Crawled caption data:
◇ ◇ ◇
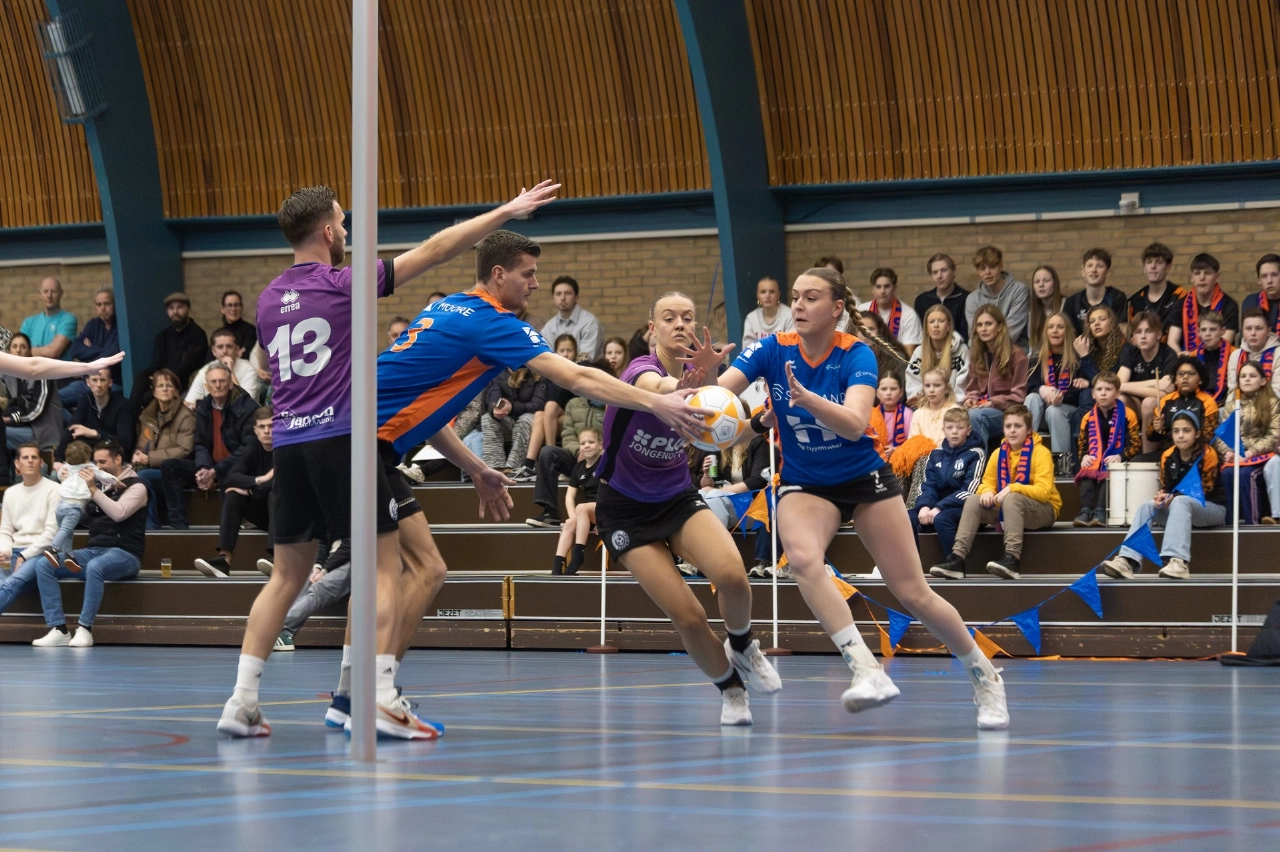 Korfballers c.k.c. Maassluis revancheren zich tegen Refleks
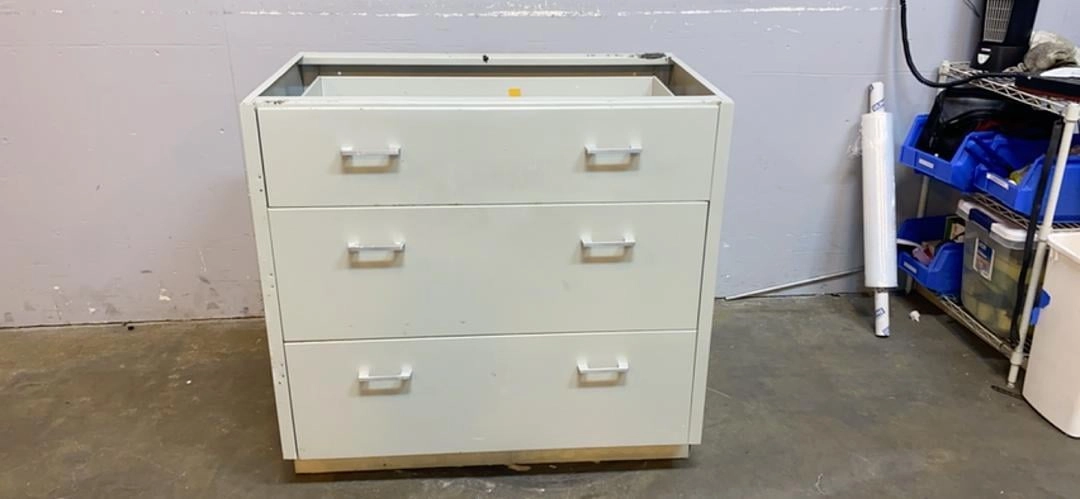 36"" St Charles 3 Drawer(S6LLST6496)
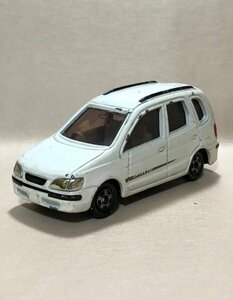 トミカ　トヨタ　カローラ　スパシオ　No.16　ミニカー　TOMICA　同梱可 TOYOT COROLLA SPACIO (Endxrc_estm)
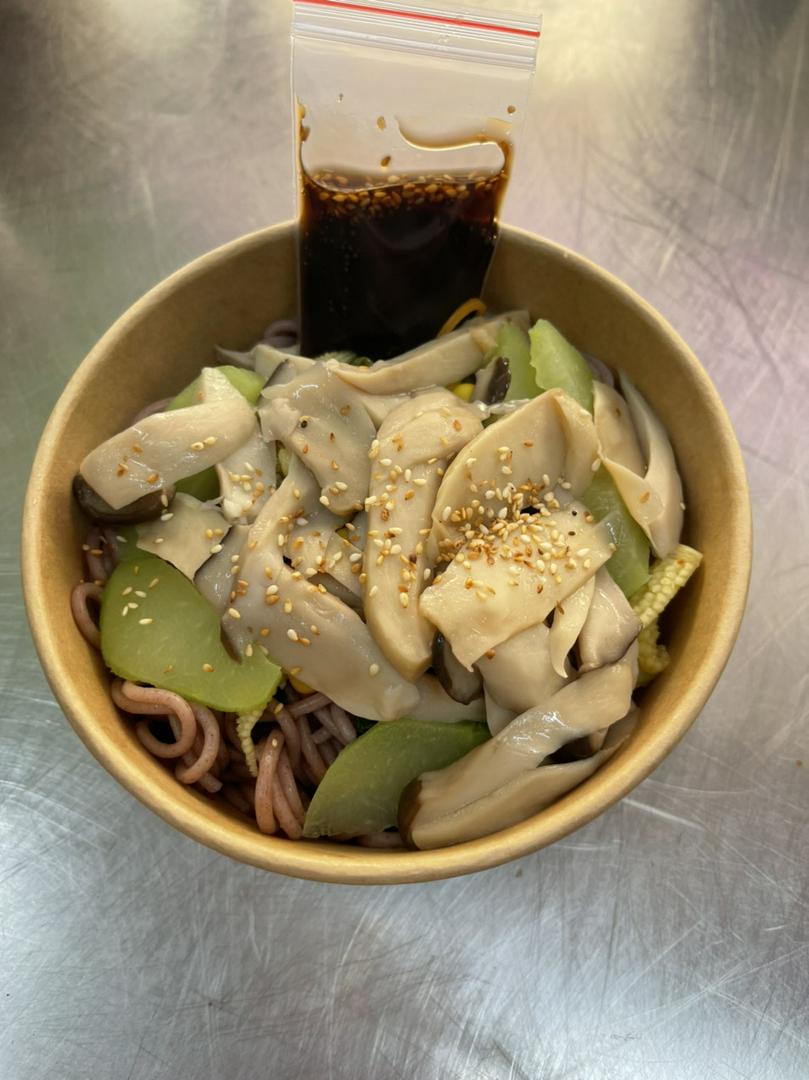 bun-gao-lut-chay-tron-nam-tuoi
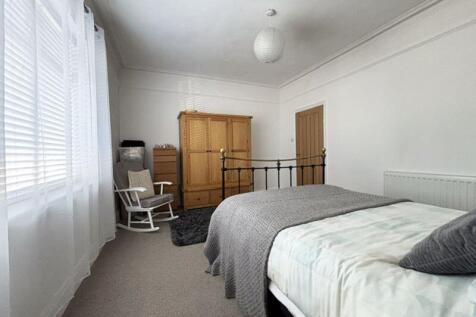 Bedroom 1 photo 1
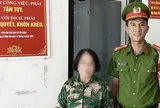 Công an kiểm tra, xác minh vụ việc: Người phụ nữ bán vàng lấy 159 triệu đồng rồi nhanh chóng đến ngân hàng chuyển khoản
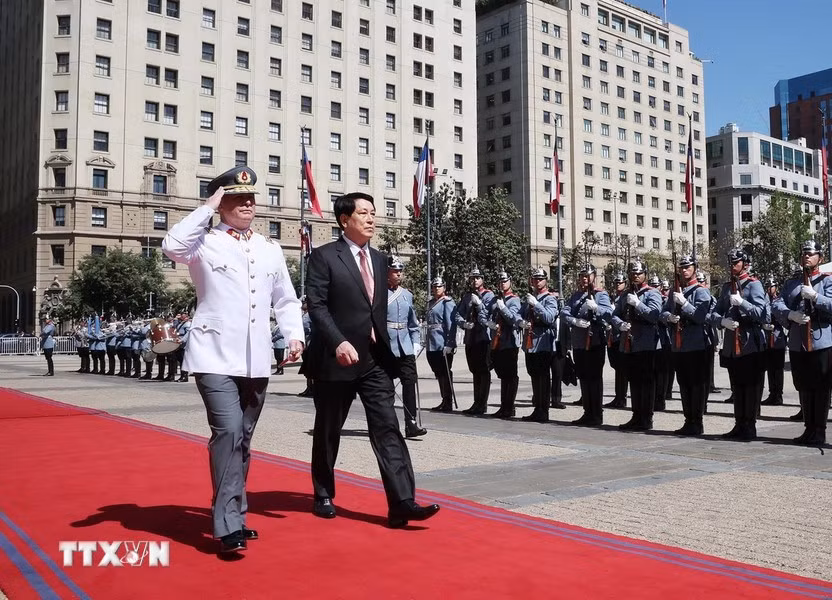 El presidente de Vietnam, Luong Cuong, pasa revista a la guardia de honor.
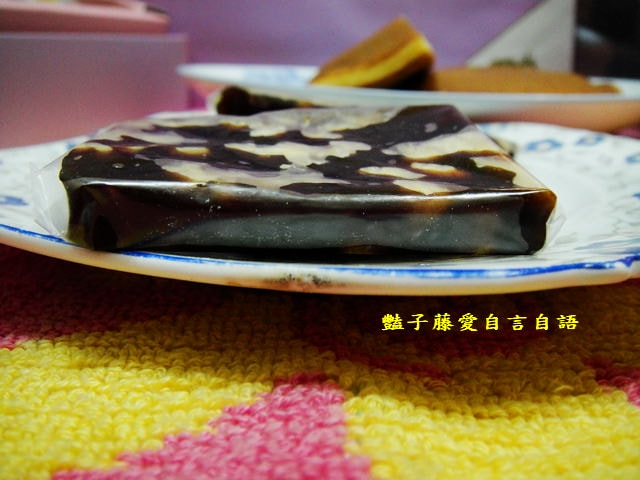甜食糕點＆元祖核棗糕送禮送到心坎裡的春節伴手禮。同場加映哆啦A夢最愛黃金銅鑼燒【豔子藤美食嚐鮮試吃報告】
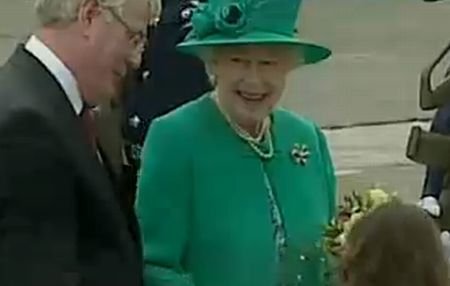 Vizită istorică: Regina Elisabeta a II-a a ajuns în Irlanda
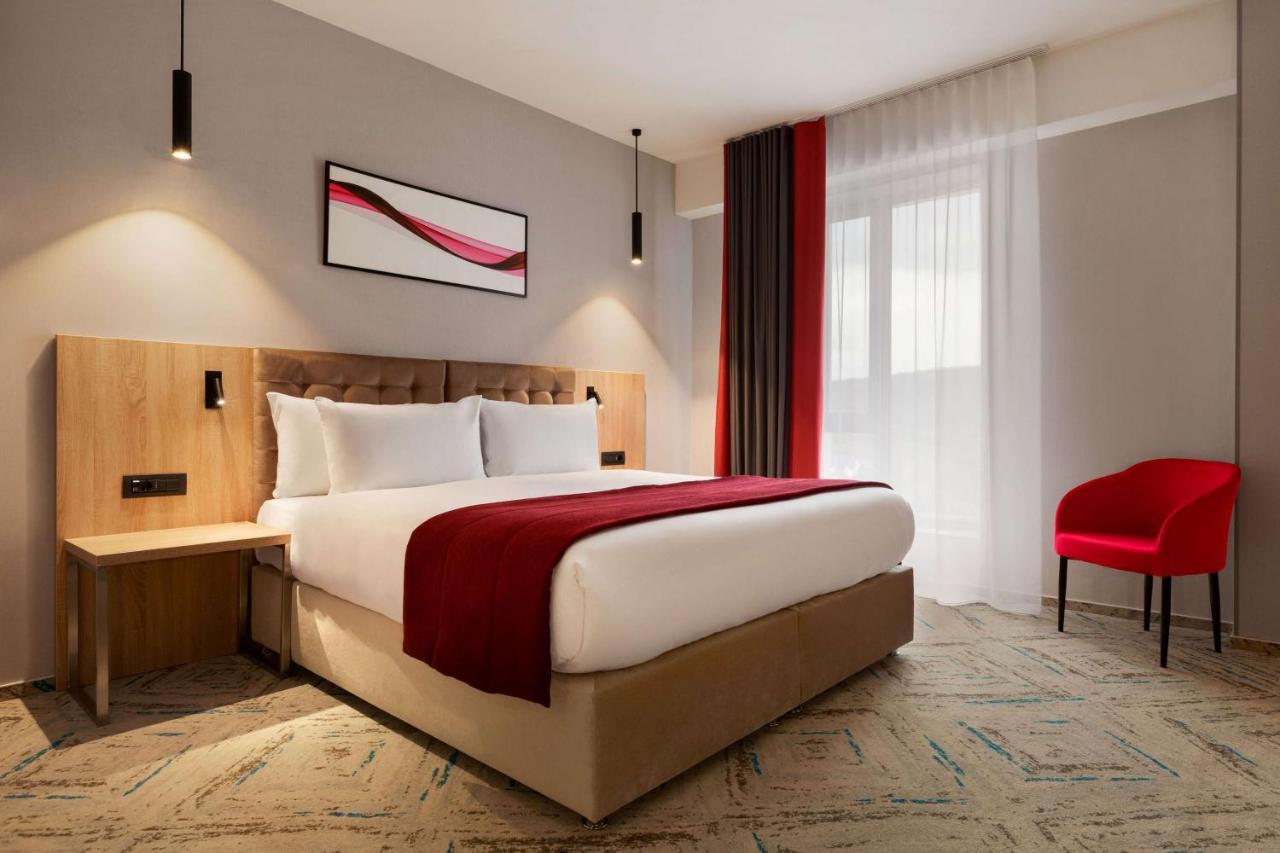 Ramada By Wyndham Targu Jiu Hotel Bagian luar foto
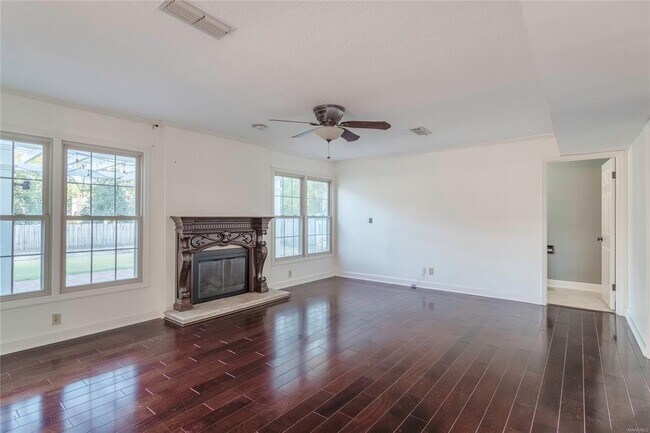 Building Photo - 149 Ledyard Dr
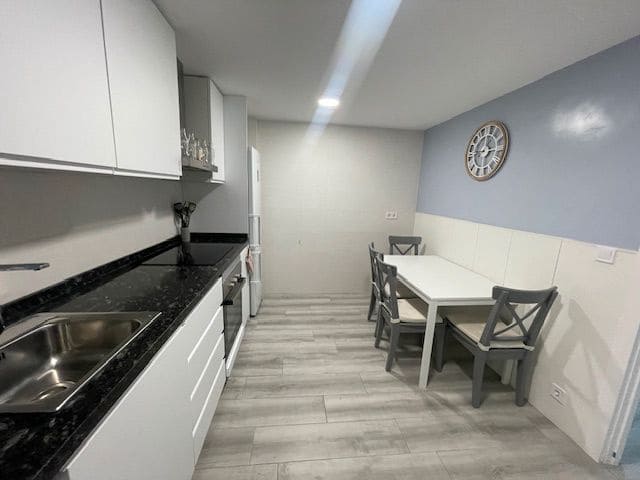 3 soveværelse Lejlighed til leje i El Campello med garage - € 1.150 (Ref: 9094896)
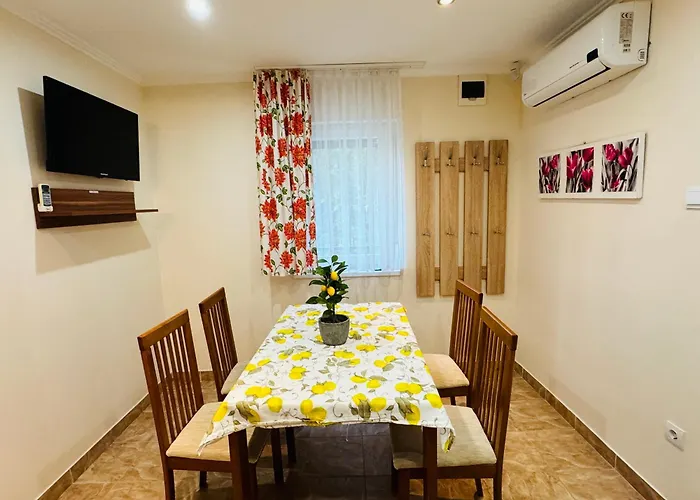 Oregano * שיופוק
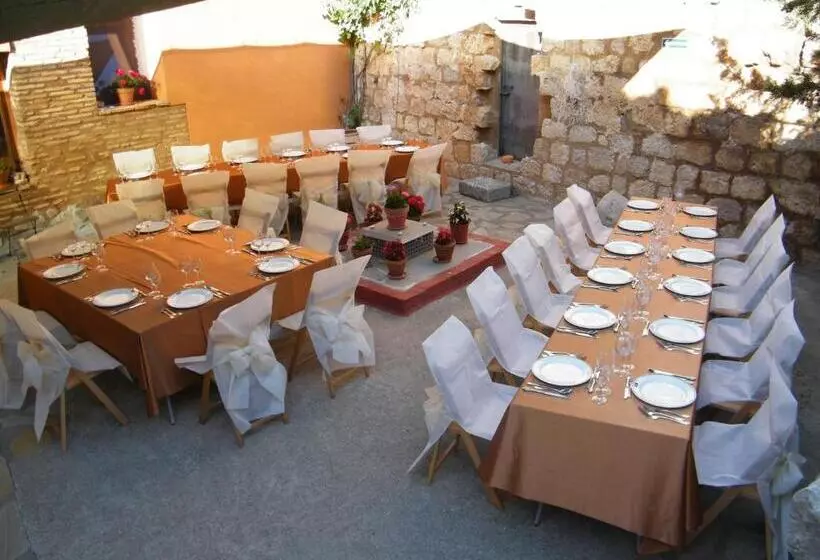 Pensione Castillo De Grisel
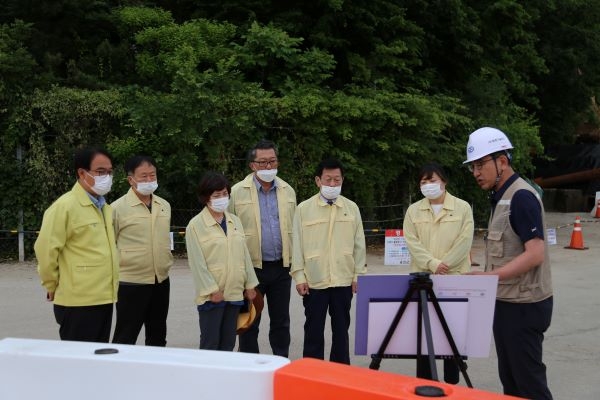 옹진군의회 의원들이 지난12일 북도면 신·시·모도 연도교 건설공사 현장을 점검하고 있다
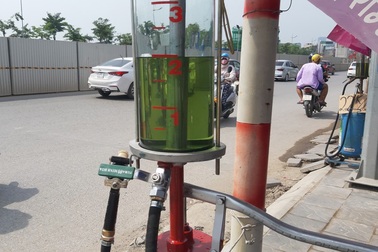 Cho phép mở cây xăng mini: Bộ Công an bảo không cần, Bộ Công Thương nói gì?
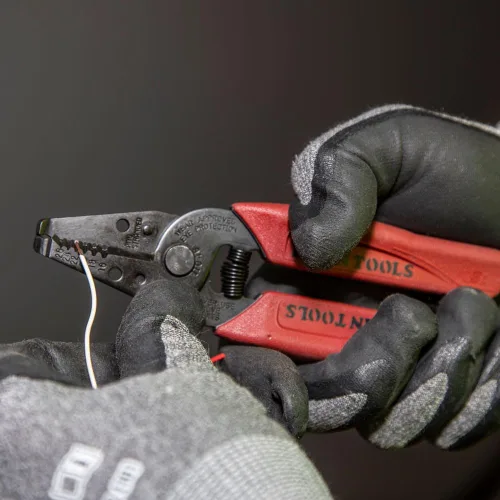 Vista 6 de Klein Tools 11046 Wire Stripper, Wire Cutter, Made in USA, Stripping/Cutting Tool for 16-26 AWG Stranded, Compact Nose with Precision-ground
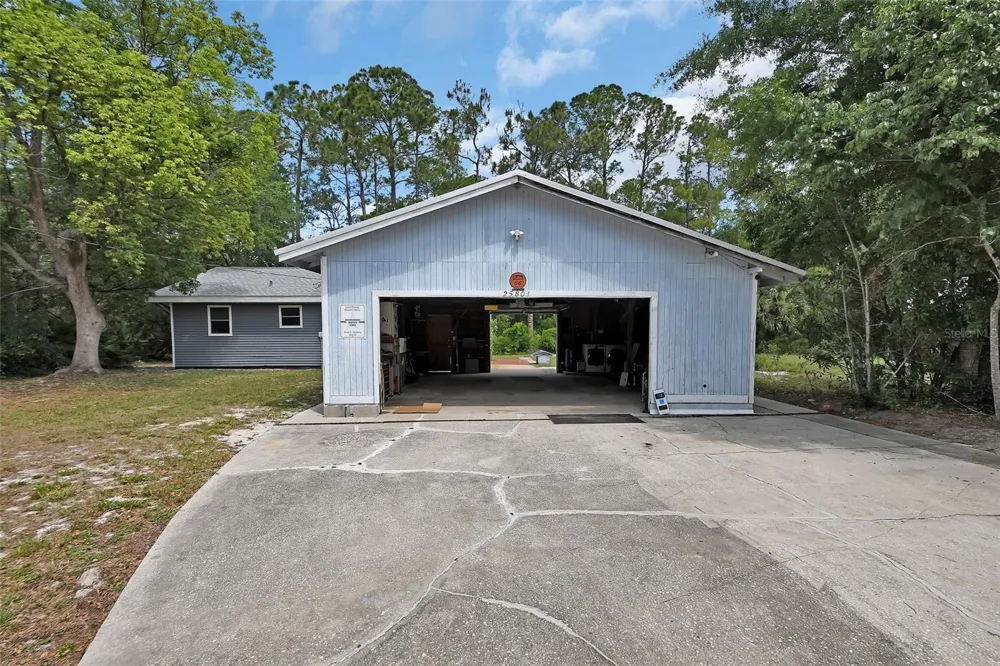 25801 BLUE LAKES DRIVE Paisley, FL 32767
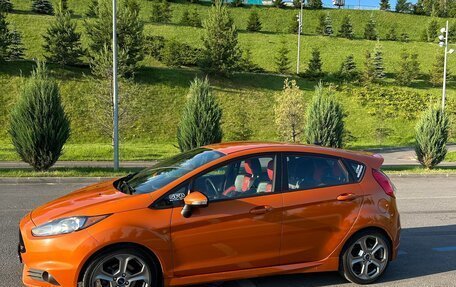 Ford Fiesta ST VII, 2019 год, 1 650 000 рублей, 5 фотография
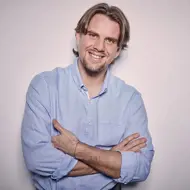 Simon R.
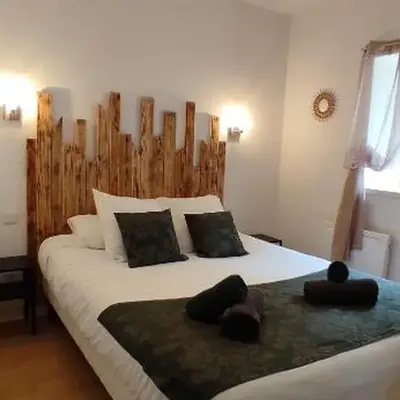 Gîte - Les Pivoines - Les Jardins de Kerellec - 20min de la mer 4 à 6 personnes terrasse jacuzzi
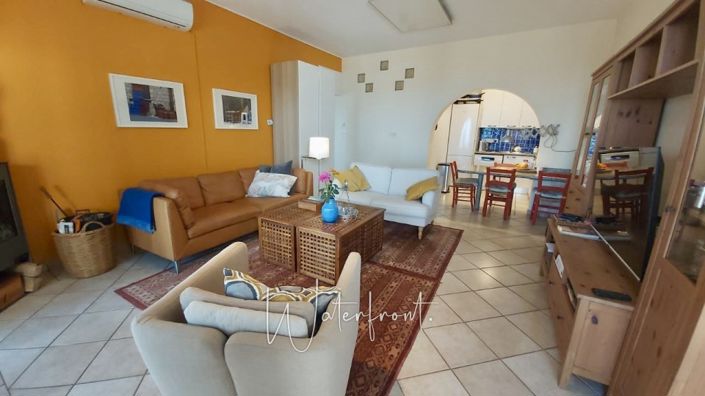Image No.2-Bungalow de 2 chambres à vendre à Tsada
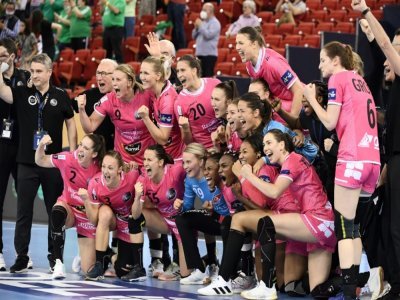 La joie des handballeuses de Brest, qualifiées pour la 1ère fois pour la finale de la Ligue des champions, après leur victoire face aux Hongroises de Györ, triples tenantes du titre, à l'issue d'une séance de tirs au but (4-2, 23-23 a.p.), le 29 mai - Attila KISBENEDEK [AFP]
◇ ◇ ◇
> _What is expected_
The answer must be the lines from the first one in the records through the line containing "Công an kiểm", copied exactly, with no pictures.

> _Response to the exercise_
 Korfballers c.k.c. Maassluis revancheren zich tegen Refleks
 36"" St Charles 3 Drawer(S6LLST6496)
 トミカ　トヨタ　カローラ　スパシオ　No.16　ミニカー　TOMICA　同梱可 TOYOT COROLLA SPACIO (Endxrc_estm)
 bun-gao-lut-chay-tron-nam-tuoi
 Bedroom 1 photo 1
 Công an kiểm tra, xác minh vụ việc: Người phụ nữ bán vàng lấy 159 triệu đồng rồi nhanh chóng đến ngân hàng chuyển khoản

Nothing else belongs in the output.